Things to Do

A New DC Escape Room Called Beat the Bomb Has a Messy Twist

It opens in Ivy City today. Don't worry: Protective suits are provided.

Photograph courtesy of Beat The Bomb.

If you ever secretly wished to be slimed on Nickelodeon as a kid, Beat the Bomb—an immersive team game that opens today in Ivy City—might be right up your alley. 

Here’s how Beat the Bomb’s hourlong missions work: A team of four to six players dresses up in protective suits and passes through four rooms—each featuring a different game. You might be solving interactive computer riddles together in one room, while evading red spy-like lasers in another. The better your team does in each room, the more time you’ll have to disarm what’s touted as the world’s largest paint bomb—an explosion of fluorescent paints—in the fifth and final room.

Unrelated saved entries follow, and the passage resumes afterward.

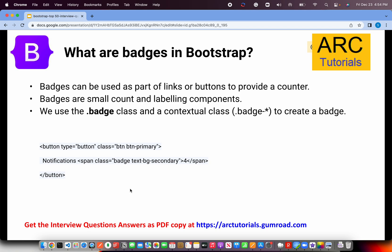What are badges in Bootstrap? Badges can be used as part of links or buttons to provide a counter. They have small count and labeling components — for example, on inbox, notifications, or messages where you see a number with a small highlight. You use the badge class for that. As shown here, inside a button you add a span with class badge — this will show a counter, like the number four against notifications. These are responsive and you can add utility classes like background color, text center, etc.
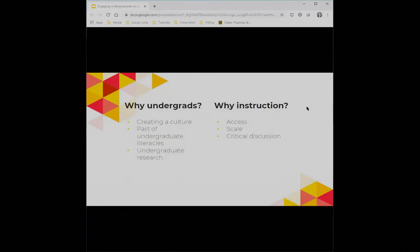So why undergraduates? In looking at the program today, I don't think we'll have too many other folks who are specifically looking at this population, so I felt it was important to talk about. I think getting in there early and creating that culture is really important so that we're not trying to retroactively get people to think about it later on, or coming up against bad habits or predisposition against thinking about some of these things.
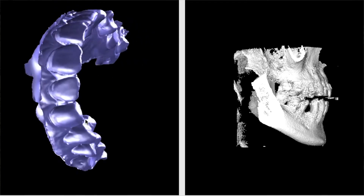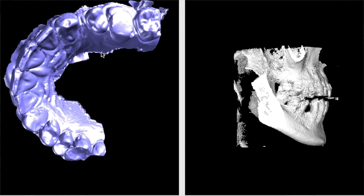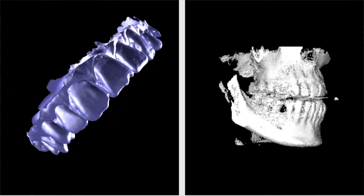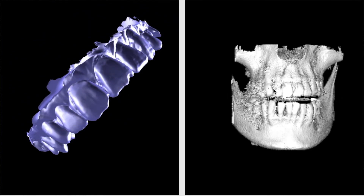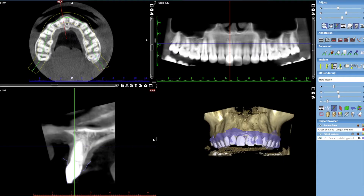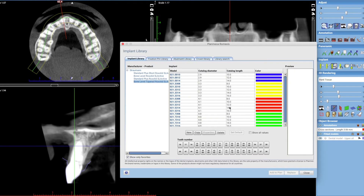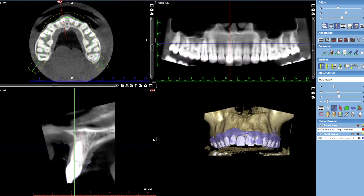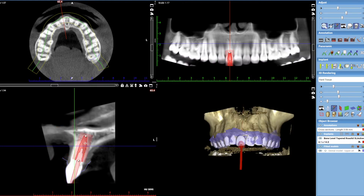We have a CBCT scan of your jaw along with an intraoral scan of your teeth, and we've superimposed those models — those data sets — together, which we covered in our last episode. Using these two bits of data, we can now plan your implant position.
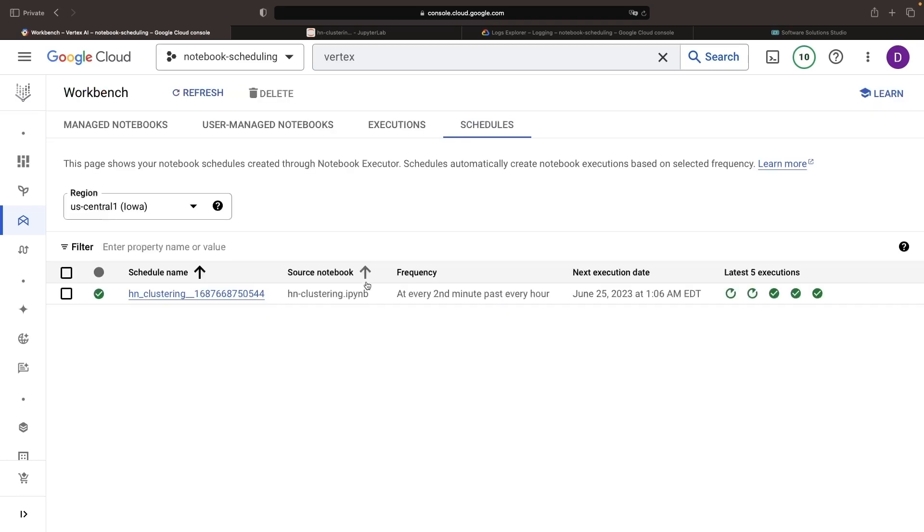Now, if we switch back to the Cloud Console and check our schedules, we'll see our notebook running every two minutes.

Photograph by Anthony Cunanan.

Only a small percentage of teams actually beat the bomb, according to Alex Patterson, who created the game and has opened prior Beat the Bomb outposts in Atlanta and New York. Should you be among them, your team will enter the Pro League, which comes with extra perks like swag, discounts, and invitations to tournaments where you can compete for money. (Oh, and don’t worry, even if your team beats the bomb, you can still opt to be blasted with the paint.)

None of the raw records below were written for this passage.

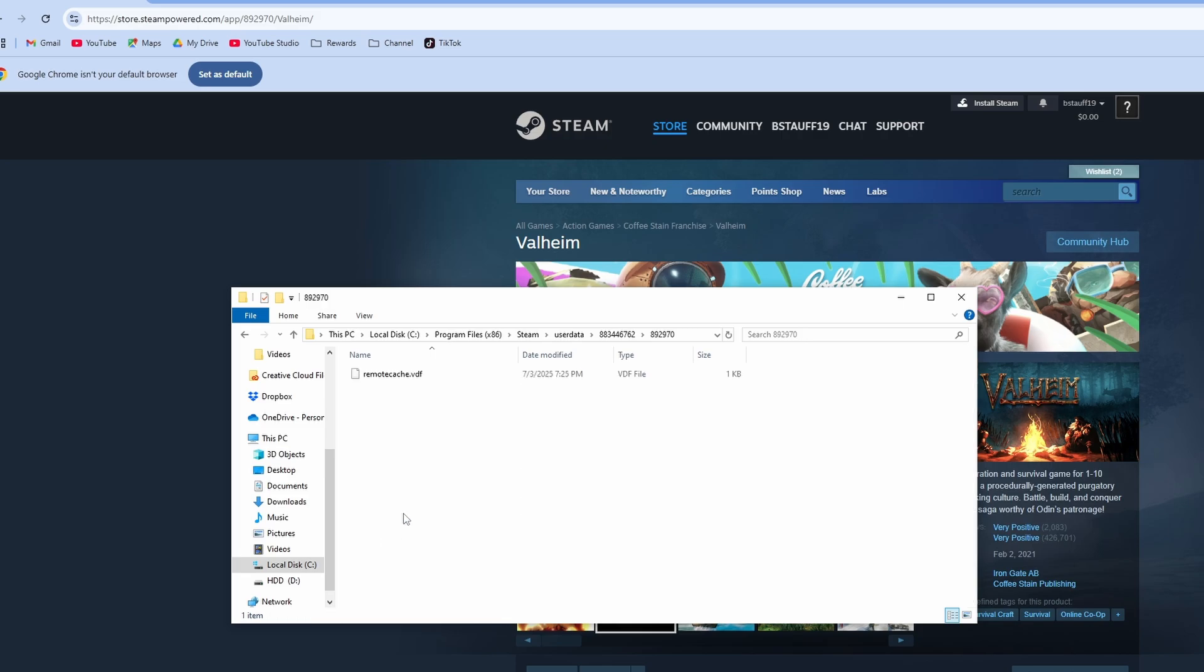We're going to open up this and then we're going to delete any of the files or saved files in here in this folder. That will delete and erase your saved game data. Now you can delete that and then you can go back into the game and relaunch it.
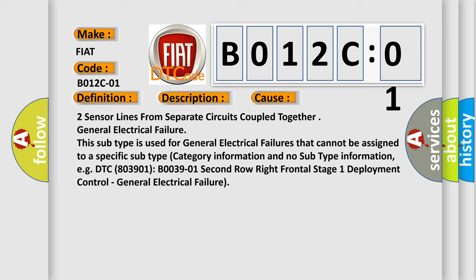This subtype is used for general electrical failures that cannot be assigned to a specific subtype category. For example, DTC B003901 2nd row right frontal stage 1 deployment control, general electrical failure.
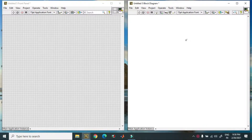Hello friends, today we discuss about combo box in LabVIEW.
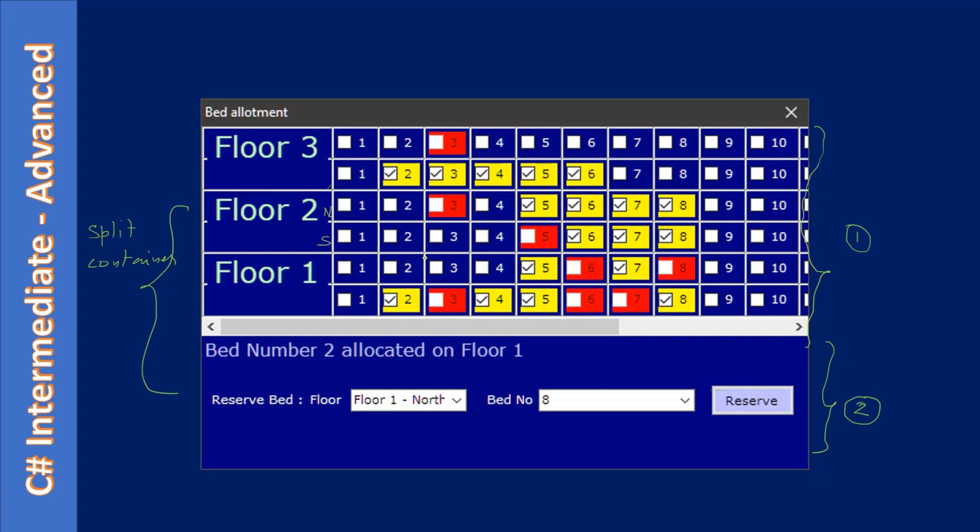The simple way of reserving the bed is right-clicking the particular checkbox, but here we want to explain something. That's why we placed these controls. At runtime, we will retrieve a particular control from the cell location.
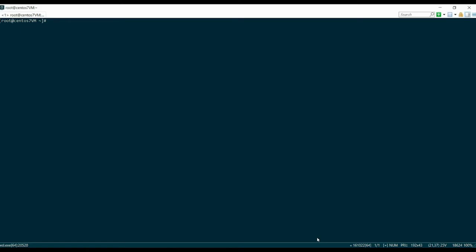The first step is to set up a hostname using this command: key in `hostnamectl set-hostname your-domain-name`. In this case, I'm using cpanel.readyspace.com. To check your hostname, simply key in `hostname` and you will see the domain that you have just set.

An attorney by trade, Patterson founded the game in Brooklyn in 2017 after working for Tough Mudder—a popular mud run with immersive obstacles, which he helped design. “The best obstacles were the ones that made people work together,” he says. That made him want to create a new immersive game that was almost entirely collaborative and required participation from every person on the team in order to win. 

While Patterson liked the idea of escape rooms, he thought they needed a fun penalty to feel more high-stakes. “If you don’t figure out an escape room, they just let you out,” said Patterson. “There needs to be a fun penalty.” Hence the birth of the Bomb, a timed (and, in case it needs to be said, harmless) explosion that adds some adrenaline to the experience.

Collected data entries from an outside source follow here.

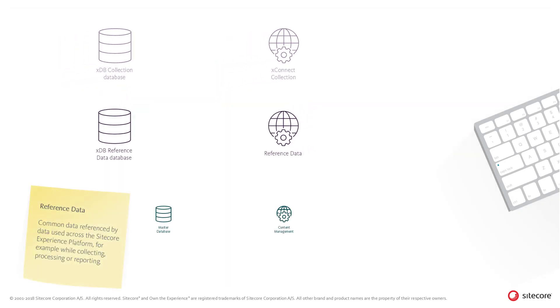The first concept of the Sitecore Experience Database we will investigate is reference data. Reference data is common data referenced by data used, for example, while collecting, processing, or reporting.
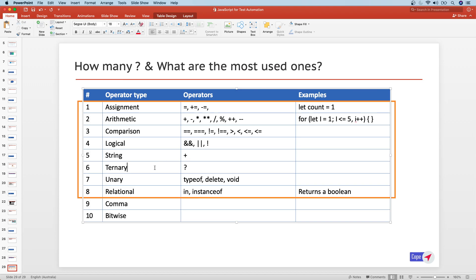The ternary operator involves three things — a question mark that returns a value based on whether an expression is true or false. Remember that the question mark can be used in different contexts: in a regular expression it acts as a lazy qualifier, and in a function definition a question mark on a parameter means it is optional. Always remember what context you are using it in.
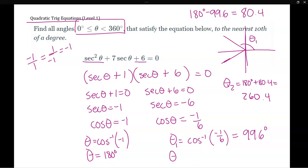Theta 2 is in quadrant 3: 180 plus the reference angle of 80.4 equals 260.4 degrees. So the steps were: factor the quadratic, use the reciprocal trig function since it was secant, identify the special angle (180 degrees), then use inverse cosine for the other factor, find the reference angle, and add it to 180 to get the quadrant 3 angle.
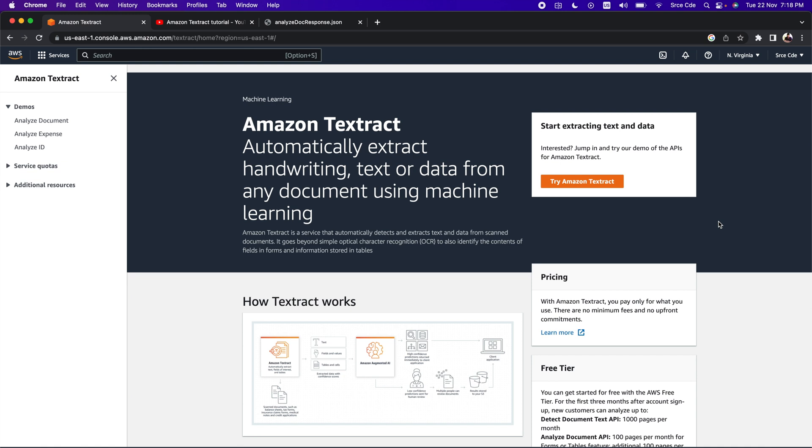Hello everyone, I am Chirag and welcome to this video. This is going to be a short video about a new feature released with respect to Amazon Textract service.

Photograph by Marcus Ingram.

Like its other two locations, DC’s Beat the Bomb features two Mission Impossible-style challenges, each with different set of games and a different bomb at the end. While one ends in colorful fluorescent paint, the other ends in an explosion of soapy foam.

Games can also be adjusted according to age—meaning kids can have a chance at cracking the code too—as well as difficulty. If your team does really well one round, the system can increase the difficulty next time you return, says Patterson.

Additionally, because the games are digitally based, Beat the Bomb can also swap out new games for each team, depending on which ones the players have completed in the past. “I thought, ‘If we made the games digital, it would be like going from a board game like Monopoly, which will always only be that, to something like Nintendo or Playstation, where the content could constantly change,’ ” says Patterson.

When not participating in one of the hourlong bomb missions, you and your friends can also play games in one of the arcade bays, which are equipped with a library of competitive video games. And the 10,300-square-foot venue also has a full bar featuring spiked slushees and arcade-style snacks, such as pizza, nachos, and hot dogs.

Gaming bays can be rented for $15 per hour and missions start at $45 a person.

Photograph courtesy of Beat The Bomb.